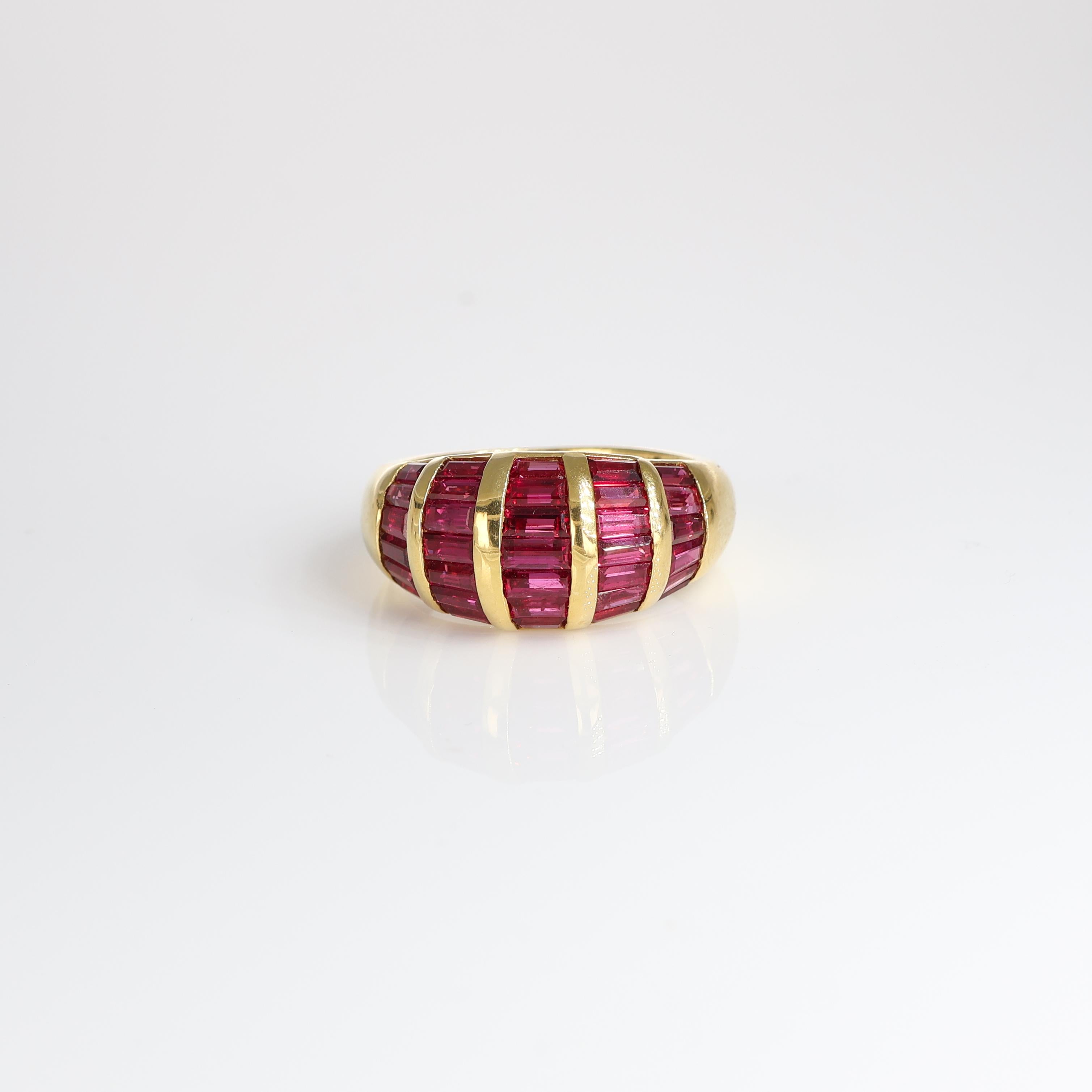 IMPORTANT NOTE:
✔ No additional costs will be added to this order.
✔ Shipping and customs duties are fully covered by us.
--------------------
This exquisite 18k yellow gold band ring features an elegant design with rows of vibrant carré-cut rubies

+===+

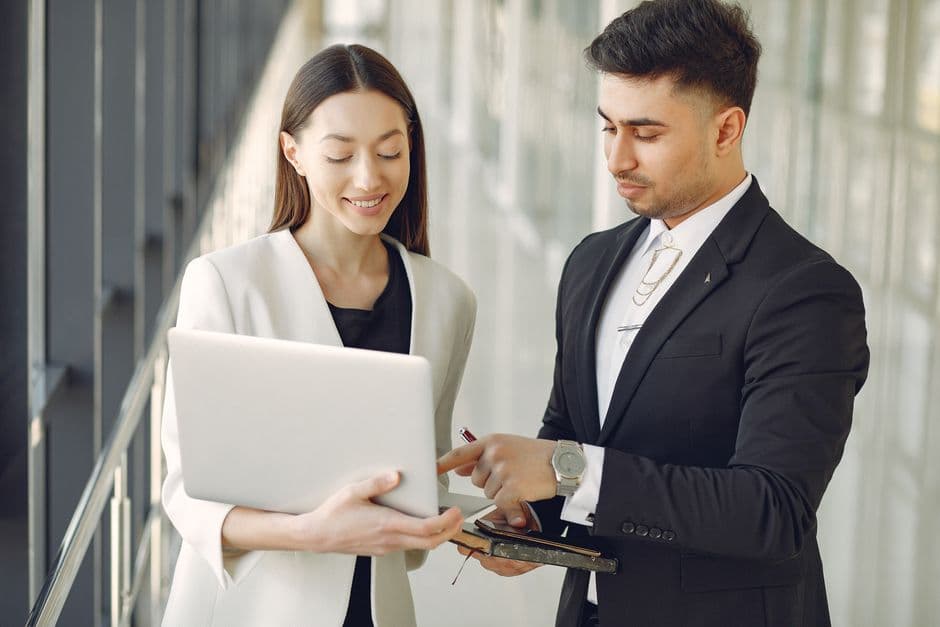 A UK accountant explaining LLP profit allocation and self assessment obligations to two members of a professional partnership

+===+

Exercise requirements
Would you print, exactly as written, every line above from the one holding "to this order." through the one holding "This exquisite 18k", with both included and no other lines?

Exercise solution
✔ No additional costs will be added to this order.
✔ Shipping and customs duties are fully covered by us.
--------------------
This exquisite 18k yellow gold band ring features an elegant design with rows of vibrant carré-cut rubies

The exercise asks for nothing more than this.